Sometimes, sh*t happens, and we’re left wondering how to deal with the plethora of nonsense that comes our way.
Well, wonder no longer — there’s only one way to do it, and that’s to be confrontational.
Confrontational people resolve conflicts; passive aggressive people cause them.
When confrontational people directly confront a problem, they expedite the process of resolving it.
They talk it out, communicate their feelings about the situation and come to a solution that satisfies everyone involved.
The problem immediately gets fixed and neatly tied together with a bow.
But passive aggressive people operate by not operating at all.
Passive aggressive people don’t ever face a problem, which delays any potential for progress and keeps everyone involved stuck in their state of anger, sadness, apprehension — including themselves.
They don’t give anyone the chance to express an opinion on the issue, so it just ends up festering beneath the surface until it bursts into an additional, even bigger problem.

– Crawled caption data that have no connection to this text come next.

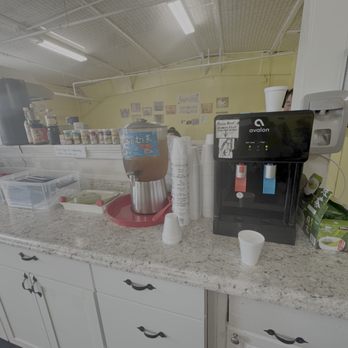 ISF Trading - interior drinks area, free - Wholesalers Near Me - Portland, Maine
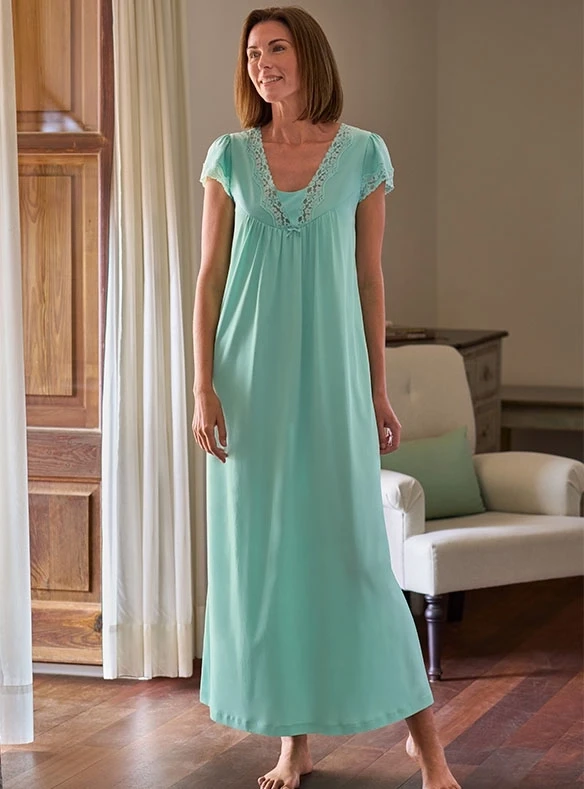 Weiches Kurzarmnachtkleid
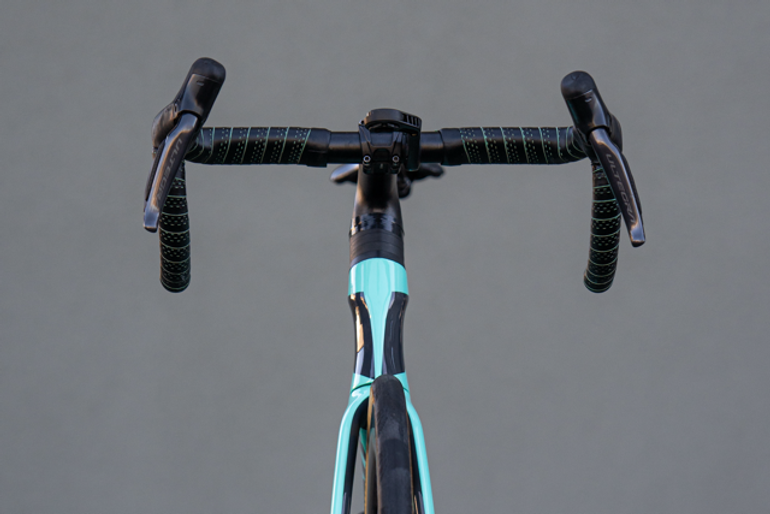 Brugt Bianchi Oltre Comp Ultegra Di2 2023 2023 Road & Gravel — billede 13 af 16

Confrontational people value honesty; passive aggressive people bend the truth.
Confrontational people know if they’re going to really confront a problem efficiently, they can’t lie; they have to go all in, which means they have to value deep, thorough honesty. They have to be purveyors of truth.
They know lying just means they’re talking about a fake issue, and all this does is waste time that could have been spent talking about the real issue.
Passive aggressive people don’t understand this because they don’t confront problems at all, ever.
In this way, when they don’t acknowledge a problem exists, passive aggressive people basically say it does not exist.
It’s as if they lie by omission: Sure, they don’t actually tell lies, but they don’t actually tell the truth, either.
Confrontational people tell you what’s on their mind; passive aggressive people expect you to read their mind.
Confrontational people are admired and respected because they tell it like it is.
They’re clear and succinct in their requests, straightforward and unambiguous in their desires.
They don’t expect others to just know what’s up because they’re here to tell everyone what’s up.
Nobody will ever second-guess what a confrontational person wants.
On the other hand, passive aggressive people leave everyone guessing. And not in the mysterious, aloof way, either, but in the annoying, what-the-f*ck-is-going-on kind of way.
Nobody likes to assume things. We all know the old dad joke of a saying of what happens when you assume.
Confrontational people ask for what they want; passive aggressive people don’t ask and don’t receive.
Because confrontational people are unafraid to ask for what they want, they get it.
Or, at the very least, they have a significantly higher chance of getting it than passive aggressive people who don’t ask for anything and just expect things to magically appear in front of them.
Life doesn’t just happen; you have to make it happen. Confrontational people know that. Meanwhile, passive aggressive people are still waiting for permission to make anything happen.
Confrontational people make you feel at ease; passive aggressive people make you feel on edge.
This may sound counterintuitive, but it’s always more relaxing to work with confrontational people because you’ll always know where you stand with them.
If they have a problem with you, they’re not going to hesitate to say it to your face — which means if they’re not giving you sh*t, you’re in the clear.
With passive aggressive people, you have no clue how they’re feeling about you because they never say anything that’s on their minds.
They could secretly hate you or still be mad at that thing you did last week you didn’t even realize you did, and you’d never know.
Because of all of this, you’re constantly walking on eggshells with them and wondering what you did wrong, if you did anything wrong. It’s stressful.
Confrontational people say things to your face; passive aggressive people only know your back.
The worst part about the fact that passive aggressive people don’t say anything to your face is they’re probably saying it behind your back. They’re venting to everyone who isn’t you.
Little do they know, however, there’s nothing people love more than gossip, and that sh*t gets around.
What passive aggressive people forget is the people to whom they swore to secrecy will vent to other people to whom they will swear to secrecy.
And then those people will vent to other people, and more secrecies will be sworn, and soon, everyone will know the problem, but everyone will be sworn to secrecy, so nobody can talk about it.
It’s just… bad. This is bad.
Confrontational people are sure of themselves; passive aggressive people question themselves.
Confrontational people are fearless. They don’t let anyone hold them back from doing exactly what they want to do, exactly when they want to do it.
And it’s all because they’re confident in their ability to take control of their lives.
Passive aggressive people live their lives in fear. People hold them back because they aren’t self-assured enough to take action, so they let people hold them back.
It’s for these reasons passive aggressive people will continue to live life, well, passively.